Rabbi Dr Tony Bayfield: It was one of the most moving experiences of my life, and it reflects exactly what you just said. And the most moving thing for me was being with you and knowing that you knew so much and had read so much and cared so much and yet seeing the impact of actually being there on you...
Archbishop of Canterbury Dr Rowan Williams: Well, nothing prepares you, nothing really makes it easy when you get there. You may think you know and yet there's an element in which you experience just a little from the inside and feel it's not someone else's issue, it's not someone else' history.

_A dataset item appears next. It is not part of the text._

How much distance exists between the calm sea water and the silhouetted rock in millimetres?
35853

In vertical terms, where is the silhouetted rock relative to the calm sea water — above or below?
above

And that's not to try and rob the Jewish people of their memory, it's just to say in some way it shows what can happen to us all. It shows the potential for evil, it shows the depth of suffering.
Rabbi Dr Tony Bayfield: We've got a piece in our prayer book written by a Shoah survivor called John Heimler who said that the experience of going through Auschwitz was that it taught him that he was just one small part of suffering humanity. And that he was actually underneath no different from anyone else. I'm sure you need have no fear of trying to appropriate a Jewish experience. It is paradoxically a uniquely Jewish experience. It is paradoxically a uniquely Jewish experience and at the same time, an experience for all humanity.
Archbishop of Canterbury Dr Rowan Williams: And isn't that in a sense what the Jewish experience has always been thought to be by Jews?
Chief Rabbi Sir Jonathan Sacks: We certainly feel that the tears and the sadness and the grief have the power, if we preserve them and then we let them touch us, to move us not to be silent in the face of others' suffering, whoever suffers and whoever causes that suffering. And in that sense I think it's important for us to realize that this really is a universal message that speaks to us now.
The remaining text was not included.